### INFORMATION PROVIDED:
┏━━
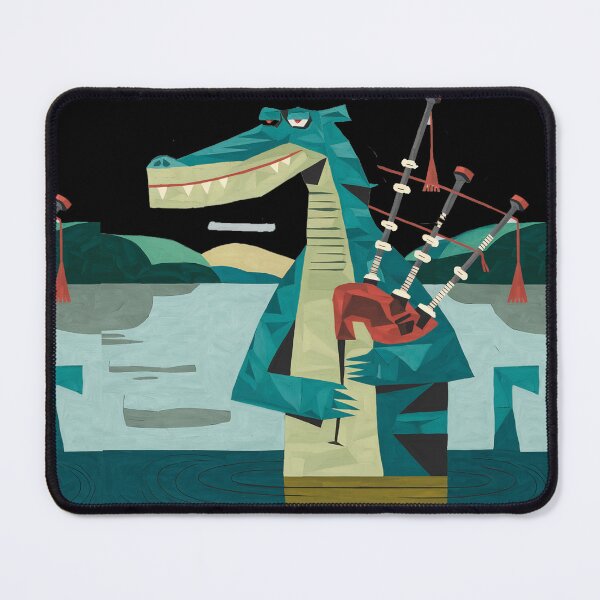 Item preview, Funny Loch Ness Monster Playing the Bagpipes designed and sold by Nature's Fancy.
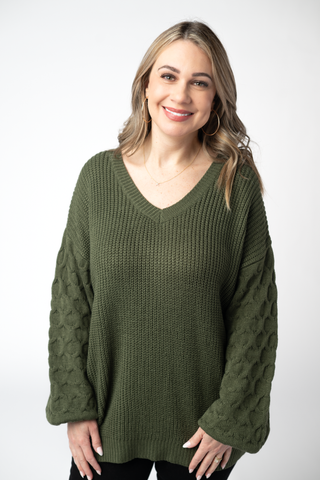 Talina Textured Sweater - Olive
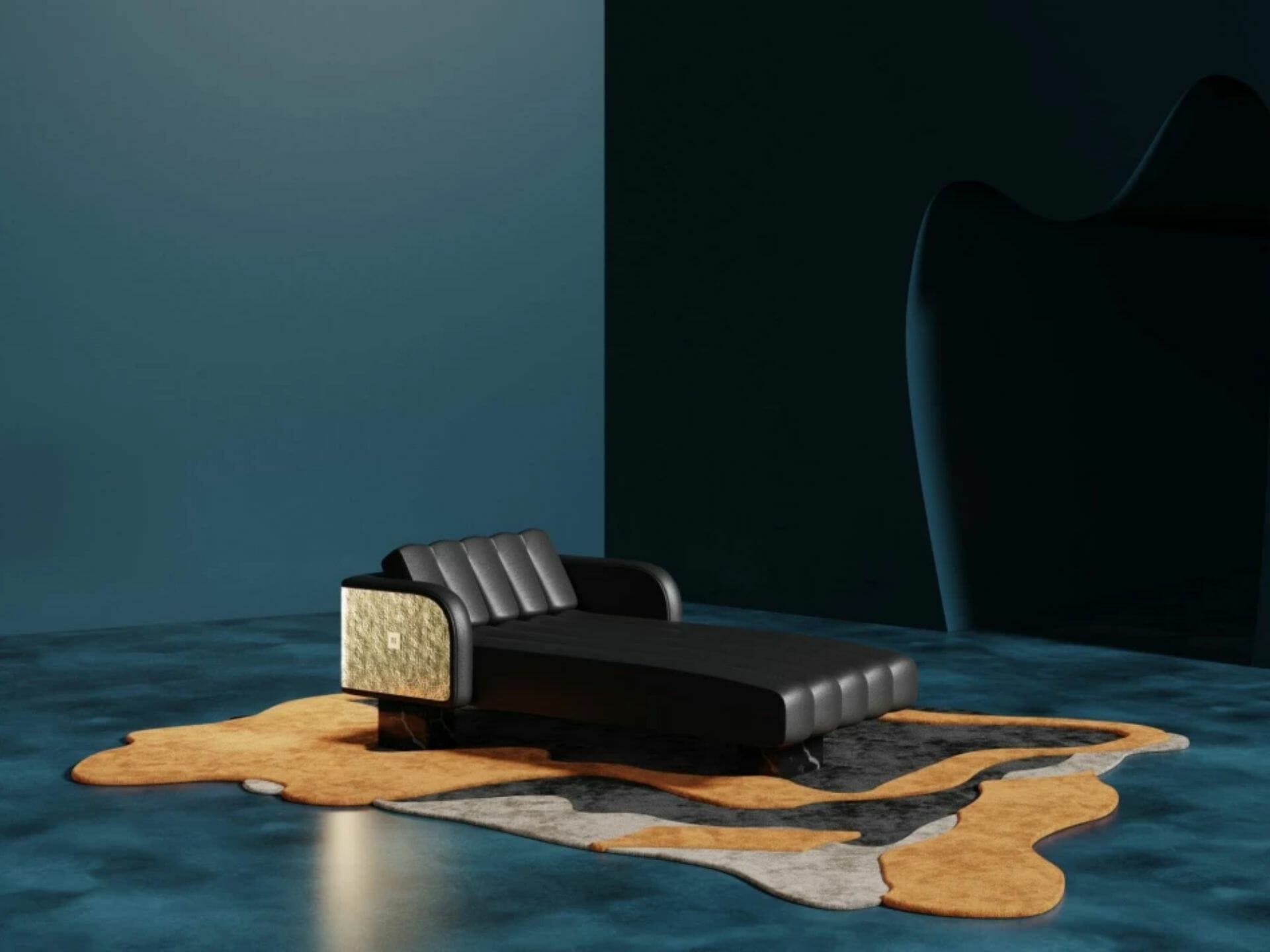 Blue Room With A Orange Rug And A Black Daybed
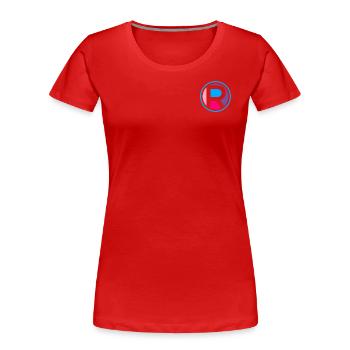 Kürzel R | Buchstabe R | Name R | Hell R | Sommer - Frauen Premium Bio T-Shirt - Rot - Vorne - Mia (176cm)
┗━━
### YOUR ASSIGNMENT:
A word-for-word restatement of all the lines above is needed, with the pictures omitted.

### ANSWER SPACE:
 Item preview, Funny Loch Ness Monster Playing the Bagpipes designed and sold by Nature's Fancy.
 Talina Textured Sweater - Olive
 Blue Room With A Orange Rug And A Black Daybed
 Kürzel R | Buchstabe R | Name R | Hell R | Sommer - Frauen Premium Bio T-Shirt - Rot - Vorne - Mia (176cm)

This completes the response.